# '97 KA24E Timing Chain Guide Question



## nyagh (Apr 26, 2010)

Hi all! First post to the forum... 

I have a 1997 HB XE 4x4 pickup with 105k miles on it. A few weeks ago I was doing some hauling and accidentally ran my truck a quart low on oil. I think this was due to it being low to begin with as I haven't had the truck for long and used the dipstick as a guide instead of the manual (4 qts vs 4 3/8.. doh..) , as she usually doesn't burn much oil.

The truck has had the usual timing chain rattle for the first second or two during cold starts, but nothing out of the ordinary from what I've read about this engine.

Last week I fired up the truck after it sitting for a few weeks (oil was topped off at this point) and heard a much louder rattle and then some lovely pots & pans noises coming from the top end.  The truck ran fine during all this, but the noises just about stopped my heart. 

I immediately suspected the timing chain guide having read about it, and pulled the valve cover and sure enough there was a nice chunk of the guide (driver side) sitting to the right of the cam sprocket with the rest probably in the oil pan. This was the newer guide being a '97, so the metal backing was still in place.

My questions are:

1) Given that this was the "fixed" guide, why did it fail at 105k?? My guess is running it low on oil, but who knows what happened to it before I got the truck...
2) How immediate is the need to replace the guide now that it failed, since it still has the metal "backing" piece intact? The chain had tension (maybe 1/8" deflection) when I looked at it and is just a little noisier than normal w/o the plastic cover.

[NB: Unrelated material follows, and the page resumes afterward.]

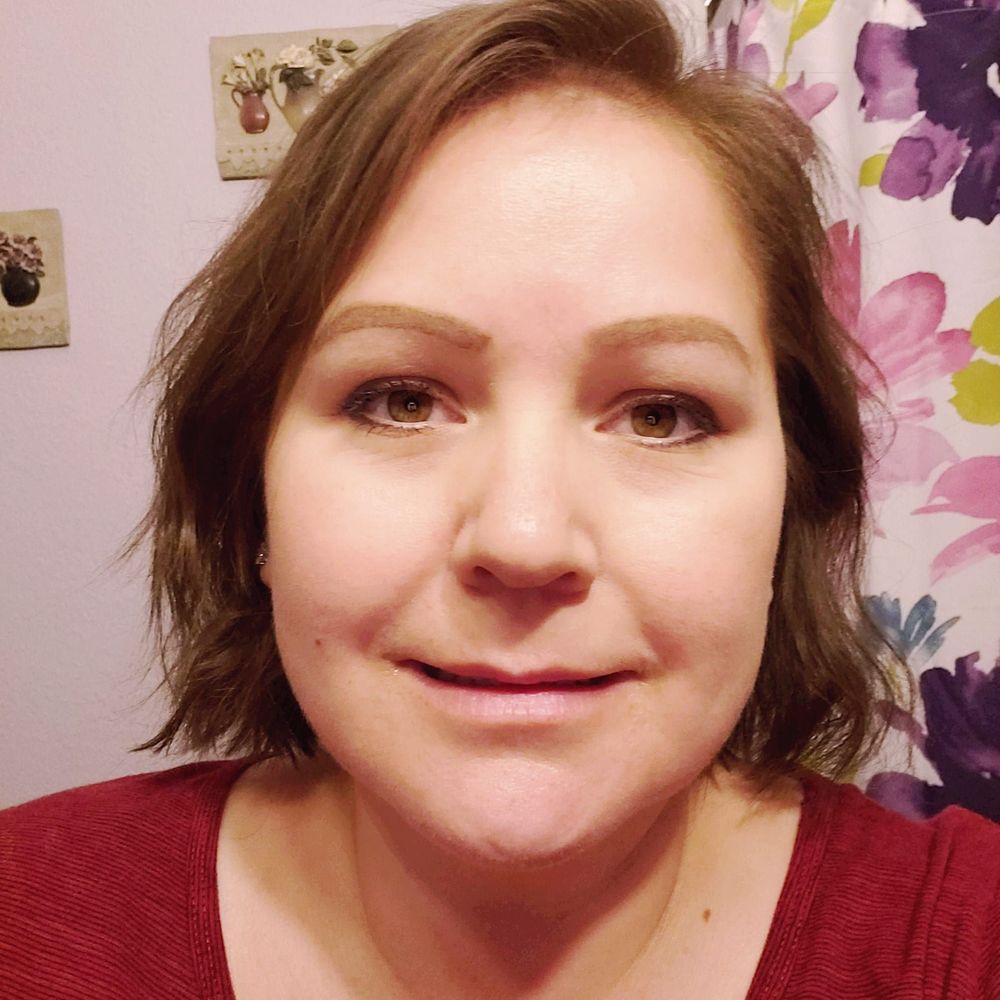 Meet your Posher, Leeann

Thanks in advance for any advice!


----------



## zanegrey (Dec 5, 2005)

the recommended replacement of t-chain and components is about 12o k miles..

so give or take driving conditions ,weather and time factor 105 is not bad..

you should have fixed it the first time you heard it..
so now that you know what it is fix it fast..

it will only cost more as the damge is greater from now on..

i do not beleive that being a quart low affected n e of this....


----------



## nyagh (Apr 26, 2010)

Thanks for your comments Zane, however I'm pretty sure the FSM does not indicate replacement of the timing chain at any interval.

I guess what I don't understand is what the point of the metal timing chain guide fix was. As near as I can tell the plastic cover on the guide only serves to quiet the chain when it makes contact with the guide and versions exist both with and without a channel. The tensioner itself appears to still be working fine, and I can't see how the chain would slip or come into contact with the case with the metal guide still in place?

Anyone else have comments or thoughts? This will get fixed eventually, but since it is by no means a minor job (the *shop* puts it at 11 hours!), I would prefer to wait for a more convenient time...


----------



## zanegrey (Dec 5, 2005)

no the timing chain manufacturer recommends that interval..

if the chain is rattling then it is most likely eating away at the back of the timing cover ..

it is your truck and just my comment...


----------



## nyagh (Apr 26, 2010)

I am just trying to understand how it is contacting the cover if the guide is still in place?


----------



## zanegrey (Dec 5, 2005)

the guides have more than 1 purpose.

yes they quiten the chain but they also track the chain and they have space that is now not accounted for.thus the chain is rattling and or slapping..

you will notice (when it is removed ) that the back of the timing cover where the water pump ports are that it will be scored from the timing chain not tracking correctly.
if left it will eventually eat a hole in the cover and cause water to mix with the oil..

that can lead to the bottom end going out ..ie.. a spun bearing ..


at any rate it only cost you more...


----------



## nyagh (Apr 26, 2010)

Gotcha, thanks for the explanation!


----------



## zanegrey (Dec 5, 2005)

that what were here for buddy..

that line was taken from payback with mel gibson when the cops take has gun from him to hold will he goes in to the outfits main office...


----------



## CMax03 (Jan 17, 2009)

That cold start isn't a timing chain rattle.... It's the cold rod bolts IMO....I upgraded mine to ARP's and never heard that sh!+ again......Don't worry mine spun a rod bearing @ 272,000 miles( and it's driven hard).....I'm now @ 338,000 miles....


----------